# Builder not supplying tax clearance cert for Local Authority Grant.



## Dinarius (4 Dec 2012)

Firstly, if this is not the correct forum, please relocate as appropriate.

An elderly friend of mine borrowed money to have renovations done to his house. The money was/is to be refunded by his Local Authority as a grant for adapting the home for older living.

However, the builder is refusing to supply a tax clearance certificate, and without it the Local Authority will not hand over any money.

The builder is still owed some money which my friend has no intention of paying. But, the bulk of the cost has been paid over and this needs to be recovered from the Local Authority in order to repay the loan. In addition, the tax clearance cert has to be with the authority by the end of the year.

Has he any recourse?

Thanks.

D.


----------



## mf1 (5 Dec 2012)

"However, the builder is refusing to supply a tax clearance certificate, and without it the Local Authority will not hand over any money."

Which is why the builder, before being selected, should have been asked for the tax clearance certificate. Why, oh why, do people  do the daftest, daftest things and expect some sort of magic wand solution because of age, infirmity, (insert any other reason - as appropriate). 

Big lesson. 


mf


----------



## SarahMc (5 Dec 2012)

I don't think he has, unless the builder lied at the start of the job about having a clearance cert.

The Council won't pay out in this instance. I'm afraid your friend is stuck.
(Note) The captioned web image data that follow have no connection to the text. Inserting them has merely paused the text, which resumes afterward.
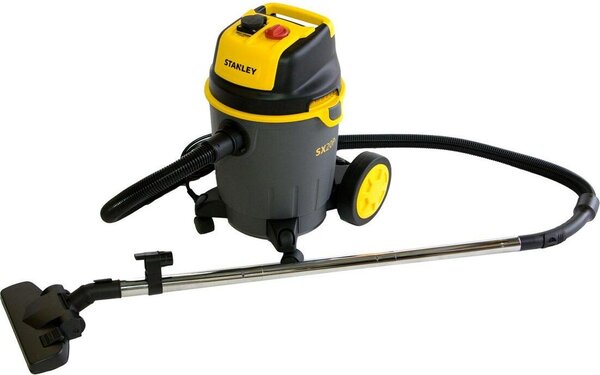 Stanley SXVC20PTE Priemyselný vysávač Black Yellow 1200 W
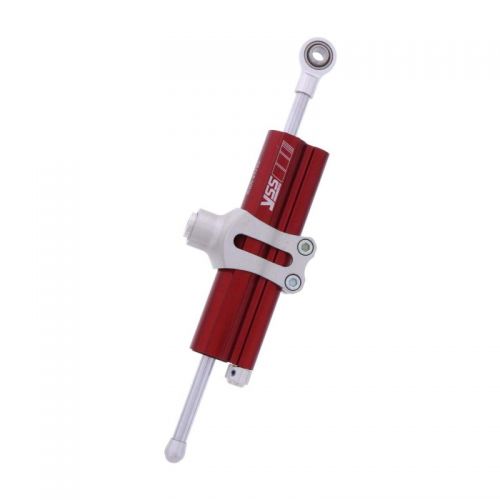 Ammortizzatore sterzo YSS EG188-078C-02-5 corsa 75 mm rosso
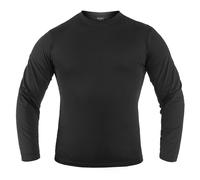 Mil-Tec Langarmshirt CO Schwarz 3XL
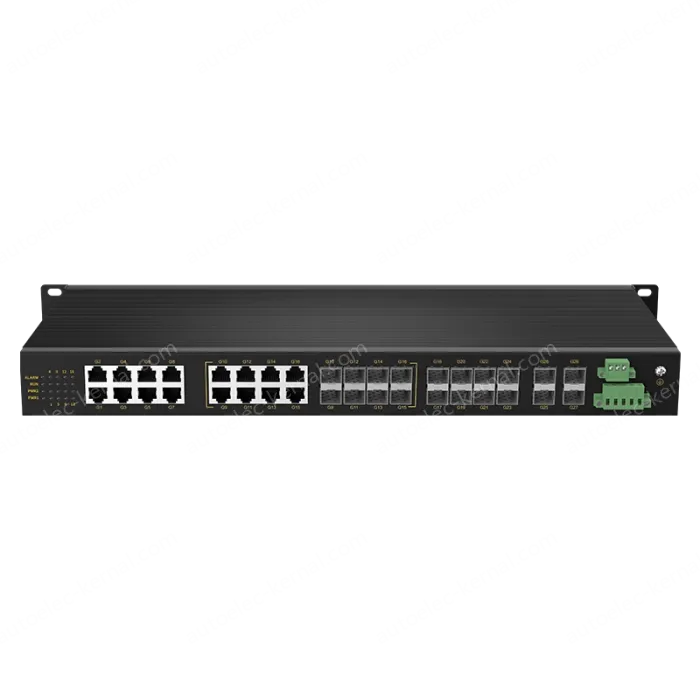[full gigabit 28 port] managed industrial switch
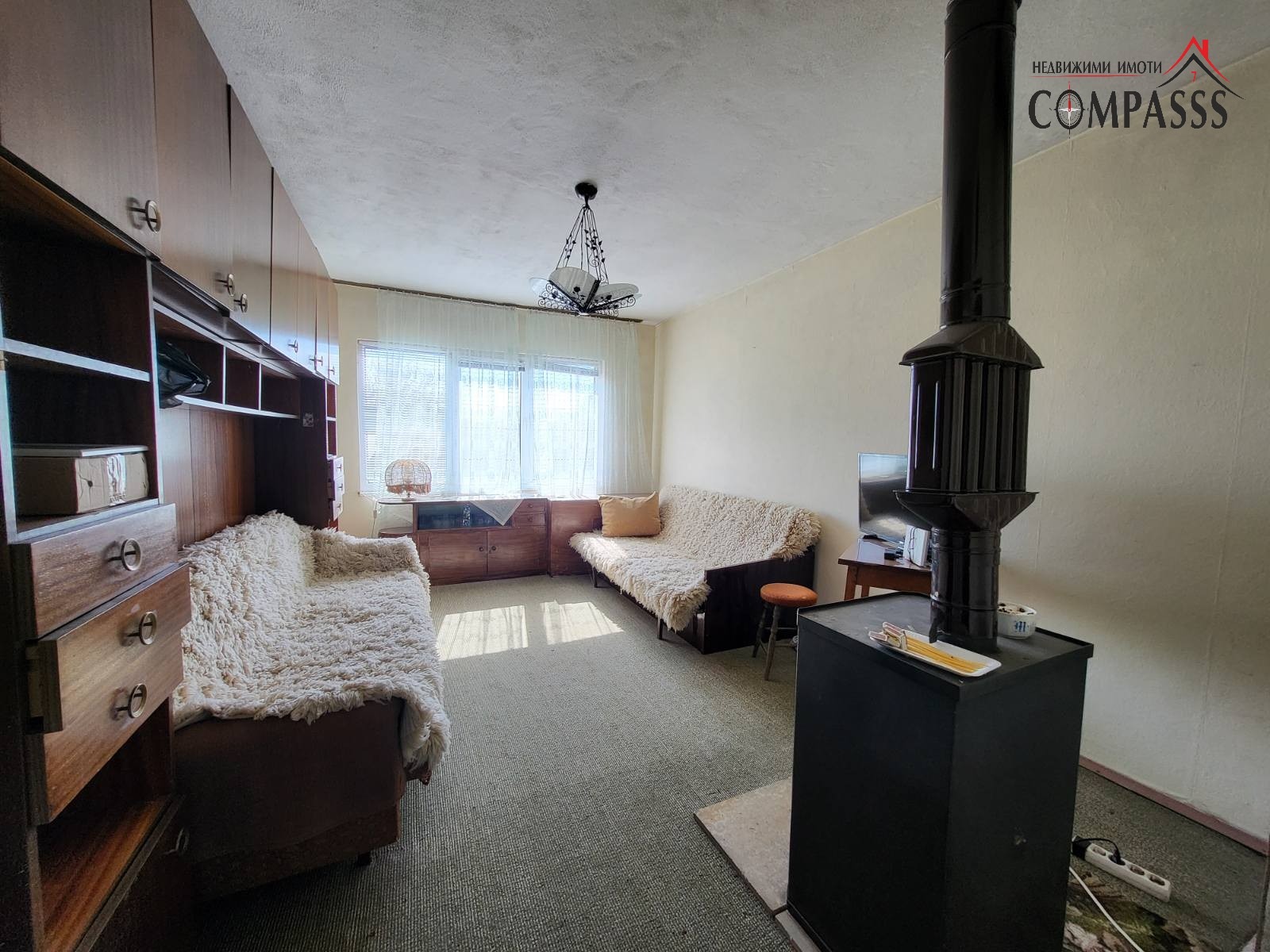 Продава 3-СТАЕН, с. Кардам, област Добрич, снимка 2 - Апартаменти - 52007280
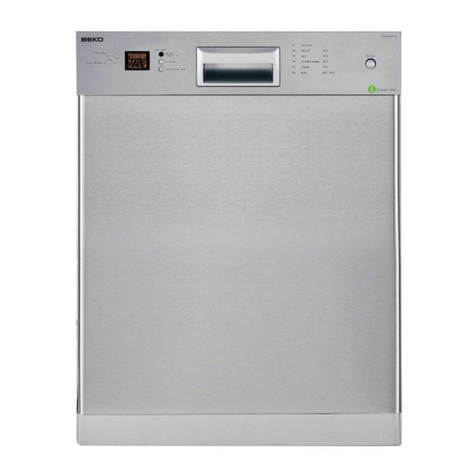 Beko DUN Series User manual Beko DUN Series User manual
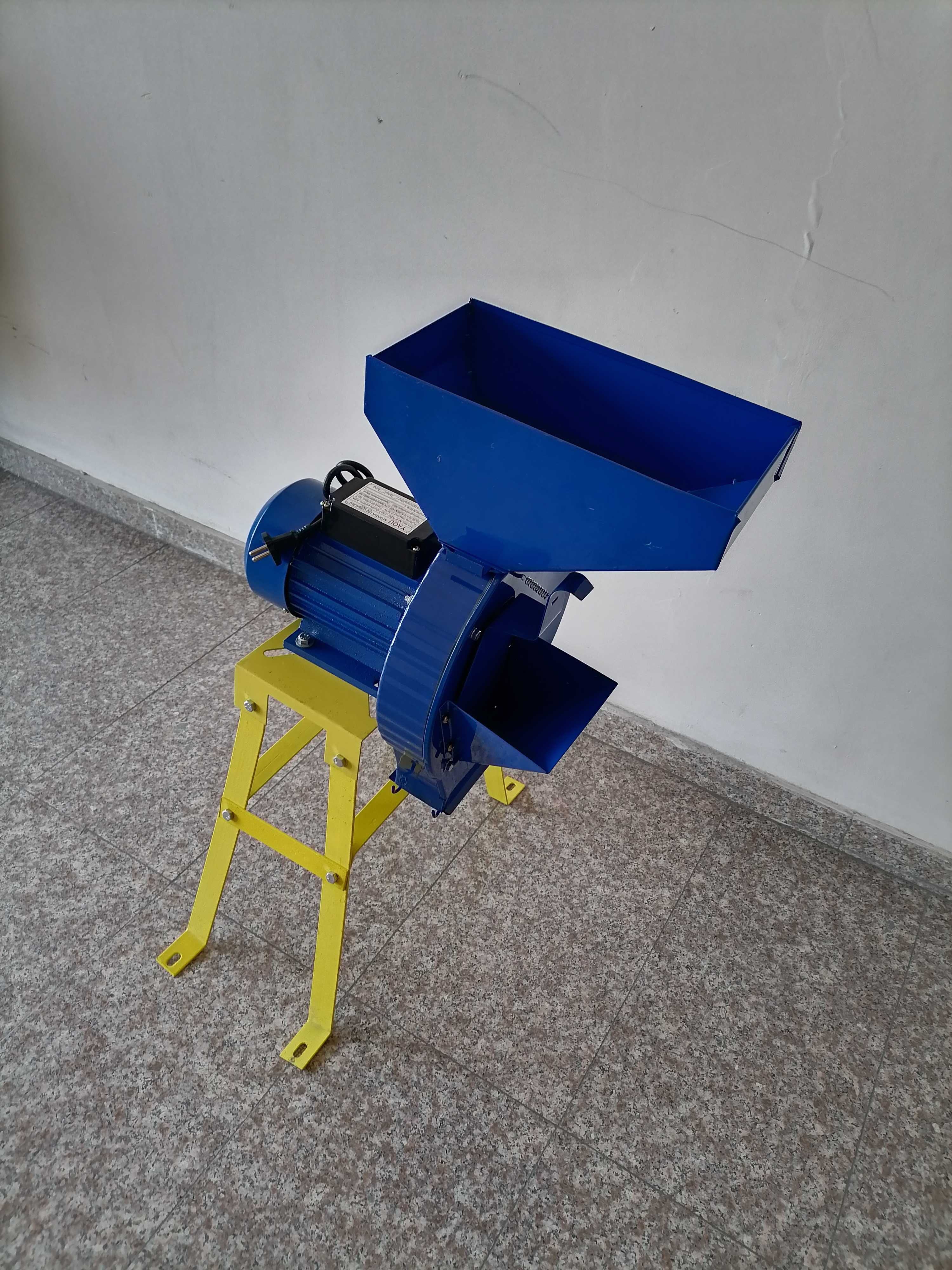 Фуражомелка нова  ермомелка, монофазна 3,8kw2,5 ФУРАЖОМЕЛКА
If a price was agreed, your friend needs to pay for work done, it's not fair IMO to withhold payment due to his own negligence.


----------



## Dinarius (5 Dec 2012)

SarahMc said:


> If a price was agreed, your friend needs to pay for work done, it's not fair IMO to withhold payment due to his own negligence.



Are you seriously saying that my friend should pay the balance owed to the builder even though he (the builder) appears to be defrauding the taxman?

Please tell me I'm misunderstanding you.

D.


----------



## mf1 (5 Dec 2012)

But was it a condition of engagement that he would provide a Tax Clearance Certificate? 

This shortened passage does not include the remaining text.